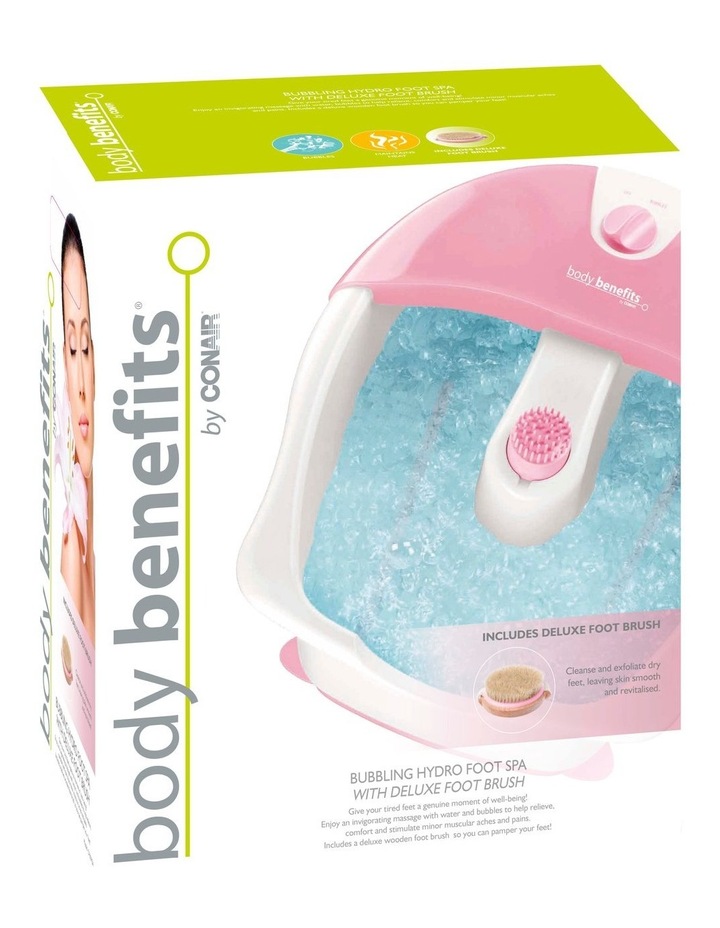 Conair Foot Spa With Foot Brush Cfb5pba Myer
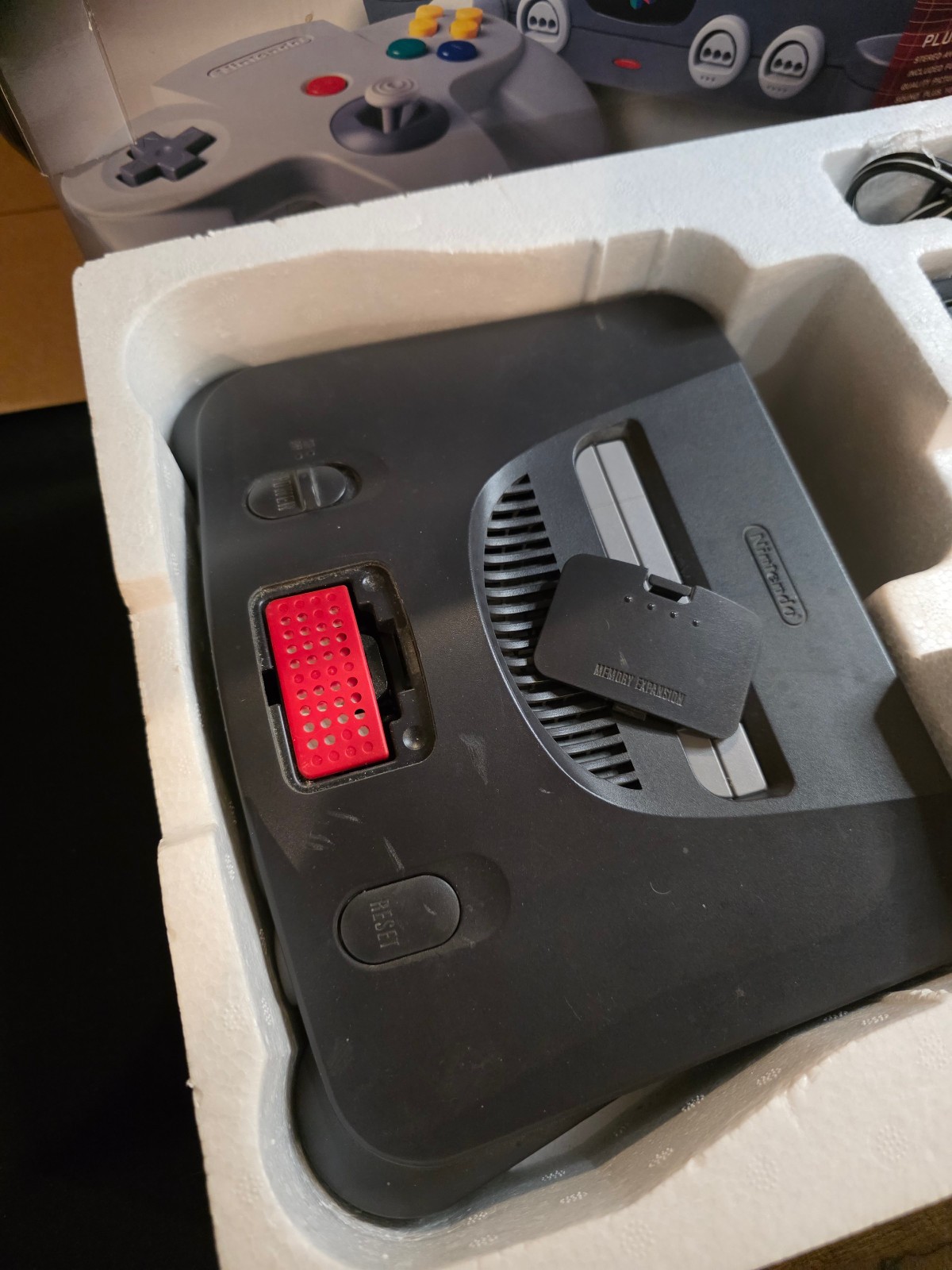 Nintendo 64 Console – Complete in Original Box – Tested, Works – All Authentic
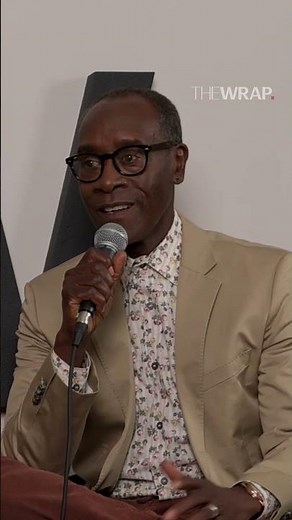 #TIFF24✨ #DonCheadle on Adapting #AnthonyRobles' story in #Unstoppable 🤼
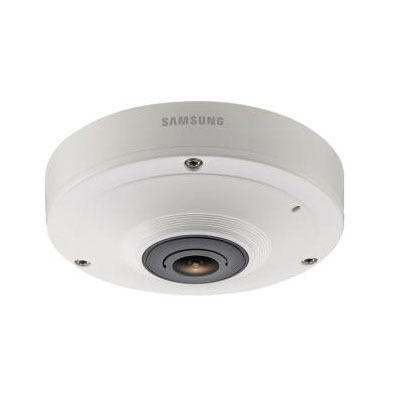 Hanwha Techwin America SNF-8010VM IP camera Hanwha Techwin America SNF-8010VM 5 Megapixel Fisheye Camera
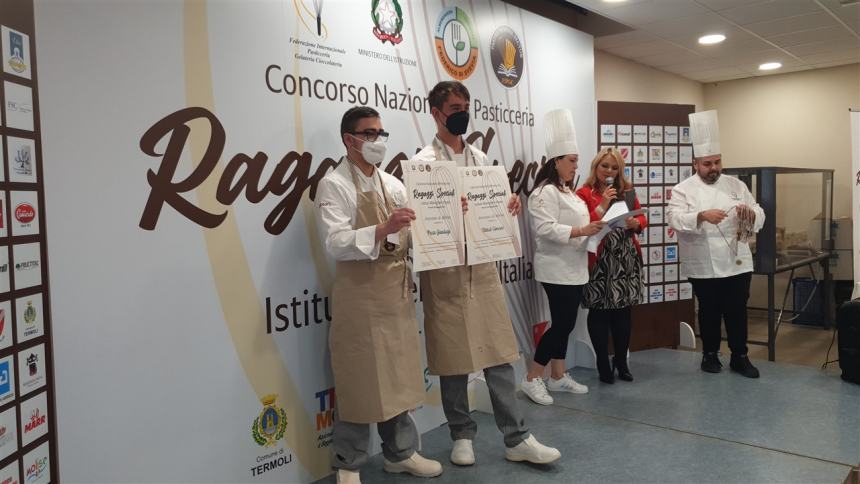 Concorso nazionale di pasticceria per ragazzi speciali: la premiazione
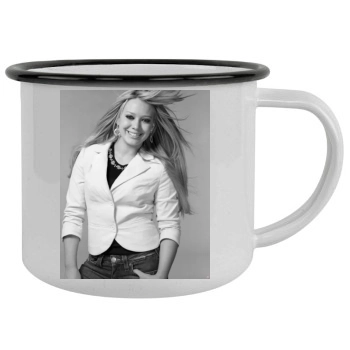 Hilary Duff Camping Mug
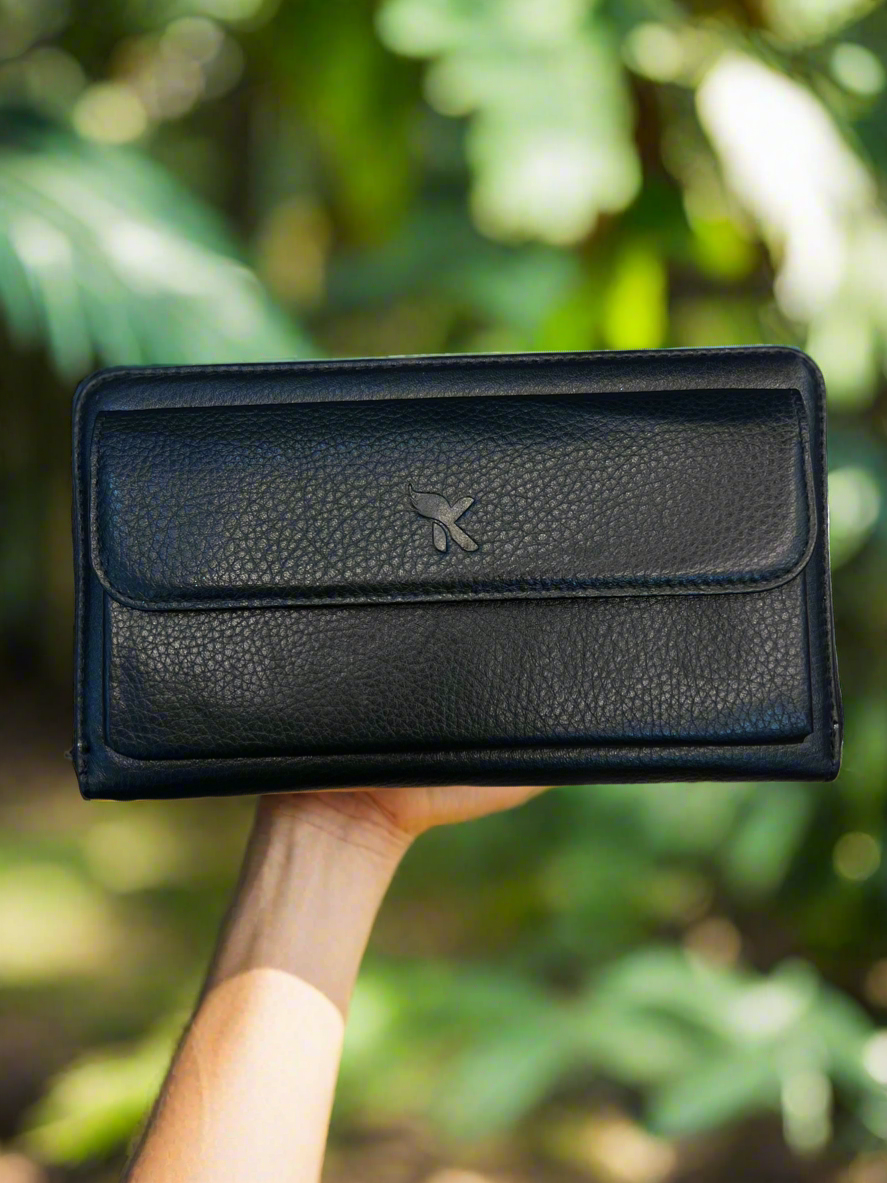 Mens Karali  Big Leather Wallets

= = = = = = =

Copy out the whole listing word for word, except for any picture it includes.

**EXPECTED ANSWER**
 Conair Foot Spa With Foot Brush Cfb5pba Myer
 Nintendo 64 Console – Complete in Original Box – Tested, Works – All Authentic
 #TIFF24✨ #DonCheadle on Adapting #AnthonyRobles' story in #Unstoppable 🤼
 Hanwha Techwin America SNF-8010VM IP camera Hanwha Techwin America SNF-8010VM 5 Megapixel Fisheye Camera
 Concorso nazionale di pasticceria per ragazzi speciali: la premiazione
 Hilary Duff Camping Mug
 Mens Karali  Big Leather Wallets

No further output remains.